Have you tried the slowp'ing back cut?


----------



## Whitespider (Apr 17, 2015)

the GOAT said:


> _*Have you tried the slowp'ing back cut?*_


        

*I'VE MOVED HERE*


----------



## Wow (Apr 19, 2018)

By slopping back cut do you mean a high angle back cut while cutting toward the hinge?
I'd think a tiny bit of angle my work but IMHO a steep angled back cut puts to much pressure on the hinge. There is a chance the hinge could sheer if you are cutting a heavy back leaner. I never cut angled back cuts. A horizontal back cut made in line with or slightly above the hinge line, when properly wedged has always worked well for me. If the hinge sheers that tree can fall anywhere. I'd NEVER recommend an angled back cut but I've seen it done on small trees even though it's been known to work I didn't think it's worth the wrist. On small trees that can be hand guided or pulled with a rope, I like a Snap or bypass cut. On small back leaners when I'm being lazy I may make a small face cut then bore through the center front to back making a wedge clearance slot. Then open the slot, drive a wedge, cut both sides up to the hinge and drive the wedge till she falls. One an especially severe leaner I've cut one face cut, bore cut and driven a wedge but it was still leaning back. So I cut another face cut above the first one and plunged it and repeated the same way until the tree went down. It looked kinda kinky backed. The danger is that center section may double back and both hinges snap. I've got plenty of all size ropes and tossing a rope over a limb is the safest method. This is my opinion, yours may vary.


----------



## ArtB (Apr 19, 2018)

Small tree, just put he excavator or backhoe bucket against the trunk and push (occasionally pull) the little thing over.
Or I pull with sufficient length wire rope. 
Have never tried that wedge in a slot technique.


----------



## old CB (Apr 19, 2018)

That wedge in the slot trick is popular here where we have lots of small trees. But like Bitzer pointed out, the weakness is that you now have just two narrow pieces of holding wood--insufficient--and when you pound the wedge it's easy to pop one of the two, and now the tree wants to go sideways or elsewhere.


----------



## Canyon Angler (Apr 24, 2018)

For cases where it's not entirely clear which part of a downed tree is in compression and which part is in tension, I saw a good tip for using a "tongue and groove" cut while bucking to determine how the tree wants to move here:

<>

Jump to 41m46s from the beginning...

Looks like a neat trick for when you're not sure what the tree will do when severed...


----------



## RandyMac (Apr 24, 2018)

Gak, GOL gayness


----------



## bitzer (Apr 24, 2018)

RandyMac said:


> Gak, GOL gayness


Yep


----------



## madhatte (Apr 24, 2018)

Doesn't address side bind at all, either. The bind that's gonna get you is the one that you aren't paying any attention to.


----------



## Canyon Angler (Apr 25, 2018)

madhatte said:


> Doesn't address side bind at all, either. The bind that's gonna get you is the one that you aren't paying any attention to.

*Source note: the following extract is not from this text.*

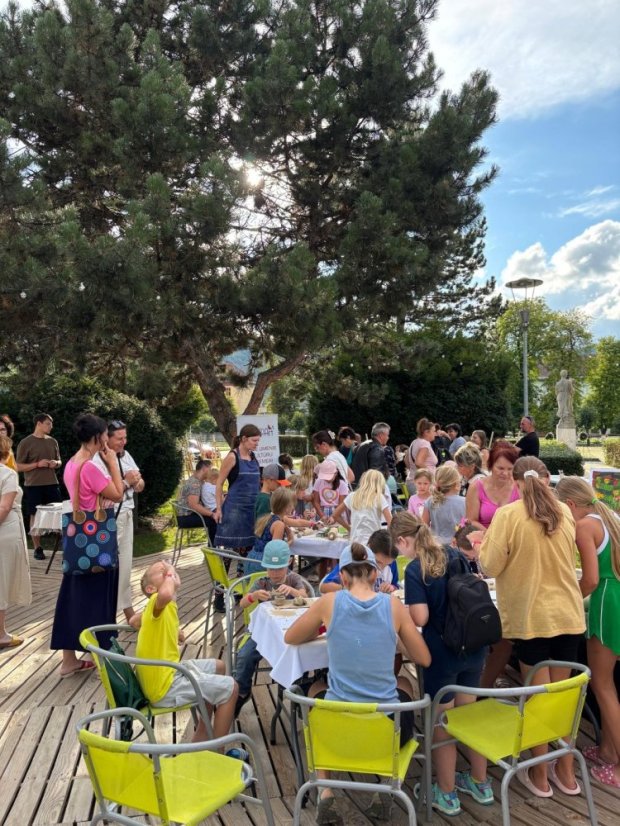 50803-ART PARK Revúca, kerámia műhely, 2025.08.03.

Really? Since you have open kerfs on the top, bottom, left and right (3, 6, 9 and 12 o'clock) it seems to me that it should reveal bind/strain/stress in pretty much any direction, as the kerfs either open, close or bind the bar...

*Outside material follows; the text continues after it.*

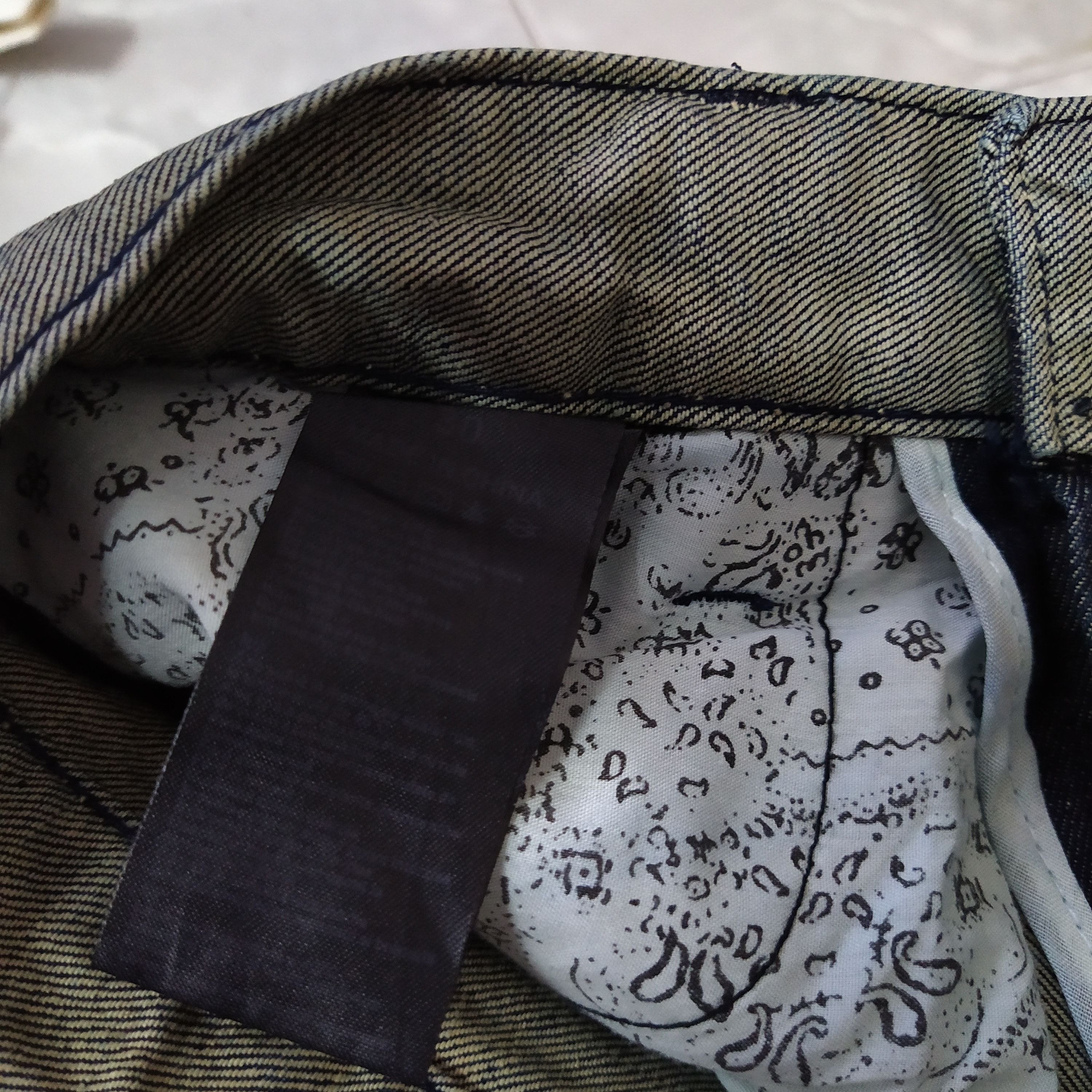Designer × Japanese Brand MARTIN KUSTOM DENIM DISTRESSED (D313) Size US 31 - 8 Thumbnail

Or am I not understanding what you mean by "side bind"?


----------



## Gologit (Apr 25, 2018)

RandyMac said:


> Gak, GOL gayness


 Yup. Too much monkey motion.


----------



## 2dogs (Apr 25, 2018)

This is a commonly used technique in the great palm forests of the Pacific Northwest.


----------



## northmanlogging (Apr 25, 2018)

Canyon Angler said:


> For cases where it's not entirely clear which part of a downed tree is in compression and which part is in tension, I saw a good tip for using a "tongue and groove" cut while bucking to determine how the tree wants to move here:
> 
> <>
> 
> ...



Only watched part of this... i feel dumber now...

I'll watch it later when i can skip the lame parts easier...

Shouldn't take 40 minutes to fall a tree even if you stop and describe every step


----------



## Canyon Angler (Apr 25, 2018)

northmanlogging said:


> Shouldn't take 40 minutes to fall a tree even if you stop and describe every step



Like I said, jump to 41:46 for the material in question


----------



## 2dogs (Apr 25, 2018)

Canyon Angler you obviously have no experience logging. No, cutting a few cords of firewood doesn't provide the experience or the variety of situations that allows you to express your nonsensical opinions on every situation that pops up here in the F&L forum. While you are polite you argue nearly every answer to the questions you have raised. I doubt you are learning anything, from wedges, to boots lacing, cutting a face. You really should go to Chainsaw and hang out there because I think you are building a very poor reputation here. BTW I have had you on ignore for a couple of weeks but I logged out and reread your recent posts.


----------



## madhatte (Apr 25, 2018)

Canyon Angler said:


> Really? Since you have open kerfs on the top, bottom, left and right (3, 6, 9 and 12 o'clock) it seems to me that it should reveal bind/strain/stress in pretty much any direction, as the kerfs either open, close or bind the bar...
> 
> Or am I not understanding what you mean by "side bind"?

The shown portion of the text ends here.